AMI VersionDescriptionRelease Date
2.0.5
[Note]Note

Because of an issue with AMI 2.0.5, AMI 2.0.4 is currently set as the "latest" version for the purposes of job flows launched by the Amazon EMR console and versions of the CLI released after released after the AMI versioning release (12-08-11). Although you can explicitly set the AMI version to 2.0.5, we recommend that you use AMI 2.0.4 instead.

Same as AMI 2.0.4, with the following additions:

  • Improves Hadoop performance by reinitializing the recycled compressor object for mappers only if they are configured to use the GZip compression codec for output.

  • Adds a configuration variable to Hadoop called mapreduce.jobtracker.system.dir.permission that can be used to set permissions on the system directory. For more information, see Setting Permissions on the System Directory.
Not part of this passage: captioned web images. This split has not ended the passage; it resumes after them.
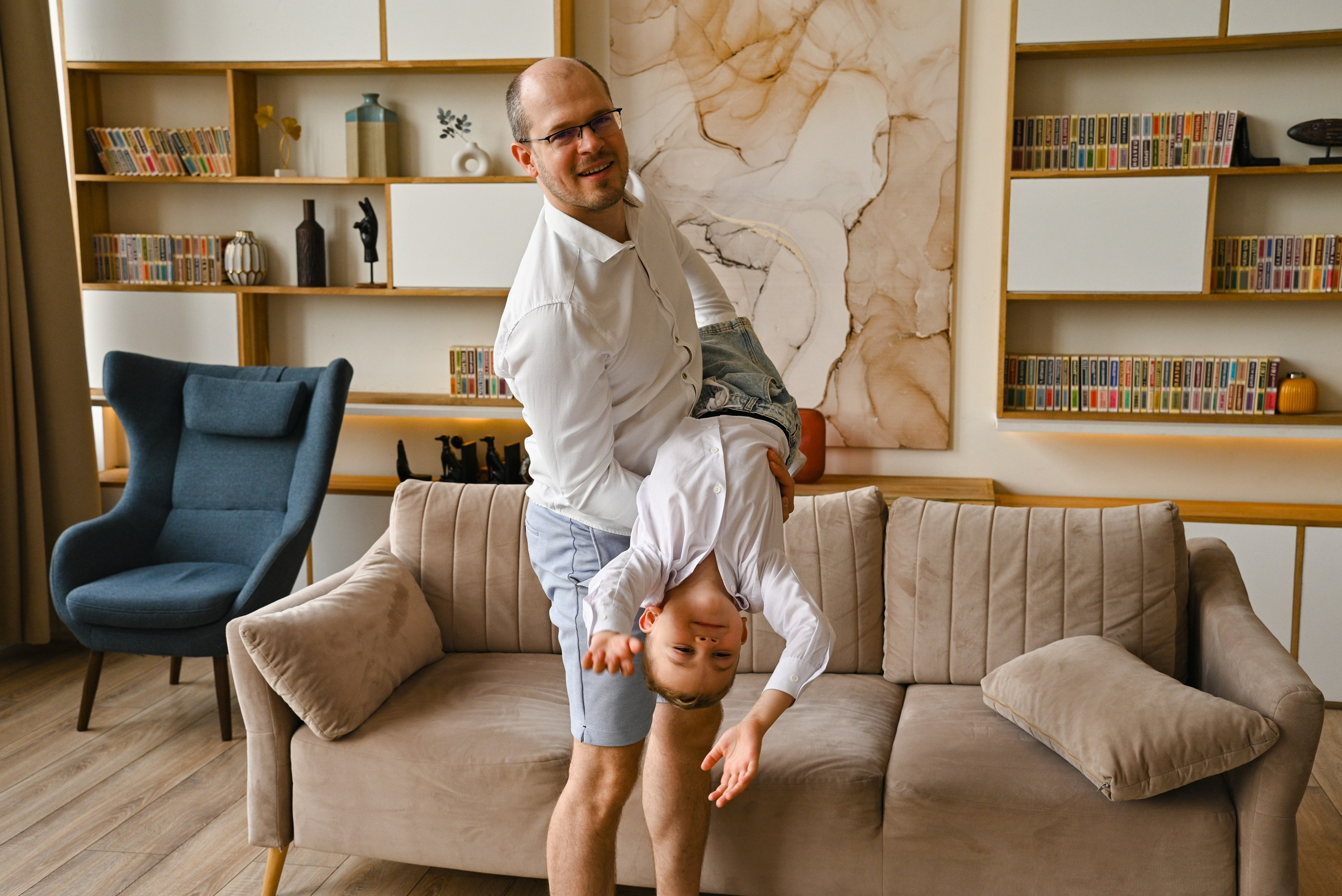 Счастливая большая семья. Компания и фотошкола по созданию контента в Москве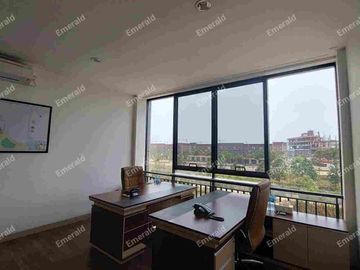 Rukan View Danau Furnished Cantik PIK 2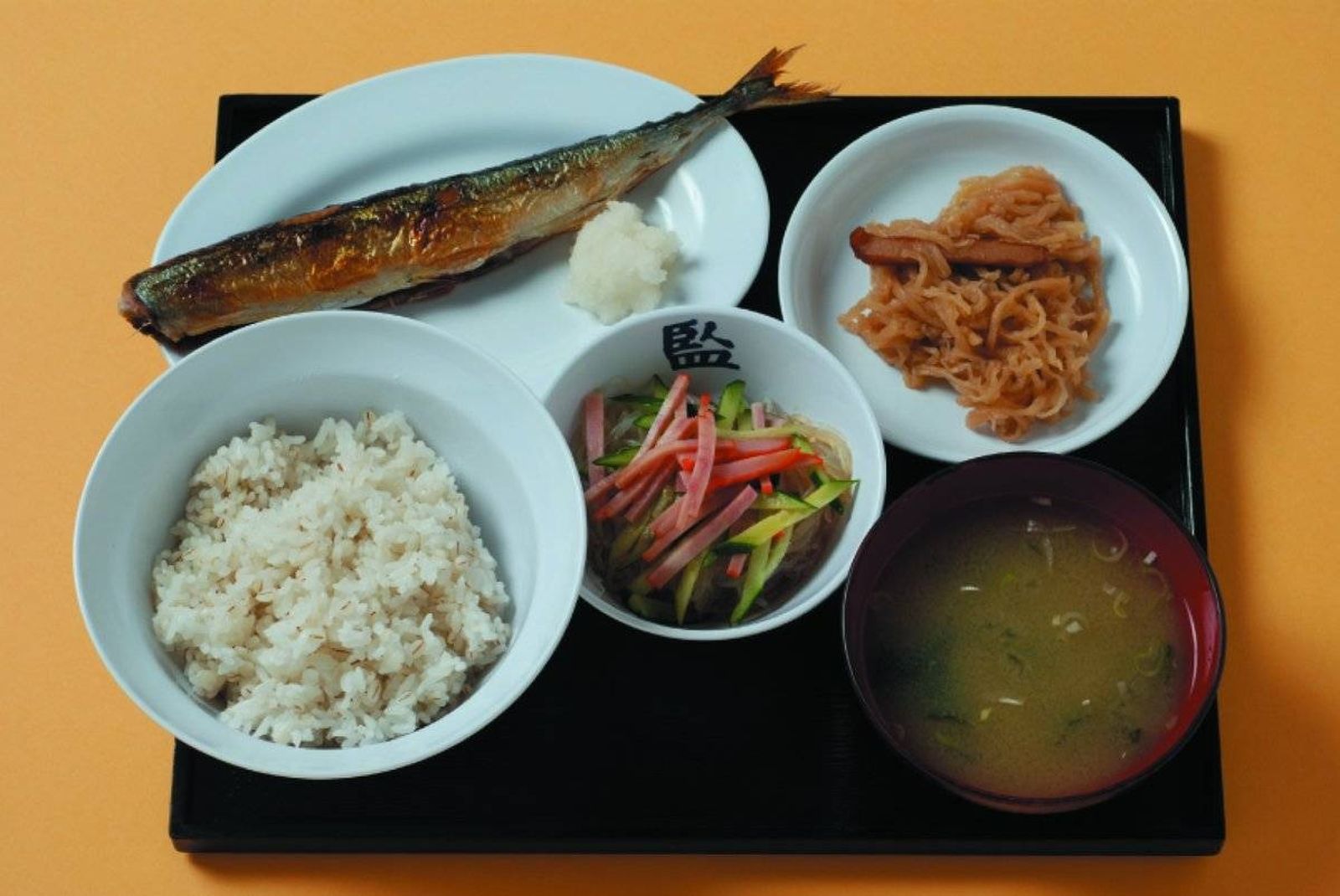 網走監獄博物館推出的「監獄餐A」。圖／翻自「網走監獄」官網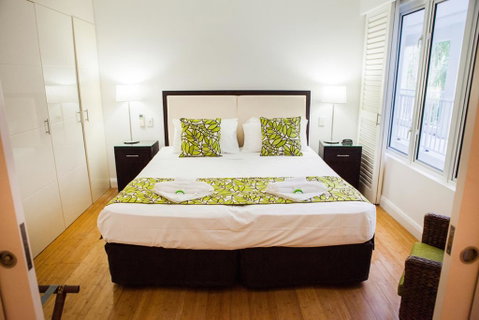 6424 BEACH CLUB - Accommodation Broadbeach 1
  • Changes InstanceController to use an embedded database rather than the MySQL instance running on the box. MySQL remains installed and running by default.

  • Improves the collectd configuration. For more information about collectd, go to http://collectd.org/.

  • Fixes a rare race condition in InstanceController.

  • Changes the default shell from dash to bash.

19 April 2012
2.0.4

Same as AMI 2.0.3, with the following additions:

  • Changes the default for fs.s3n.blockSize to 33554432 (32MiB).

  • Fixes a bug in reading zero-length files from Amazon S3.

30 January 2012
2.0.3

Same as AMI 2.0.2, with the following additions:

  • Adds support for Amazon EMR metrics in Amazon CloudWatch.

  • Improves performance of seek operations in Amazon S3.

24 January 2012
2.0.2

Same as AMI 2.0.1, with the following additions:

  • Adds support for the Python API Dumbo. For more information about Dumbo, go to https://github.com/klbostee/dumbo/wiki/.

  • The AMI now runs the Network Time Protocol Daemon (NTPD) by default. For more information about NTPD, go to http://en.wikipedia.org/wiki/Ntpd.

  • Updates the Amazon Web Services SDK to version 1.2.16.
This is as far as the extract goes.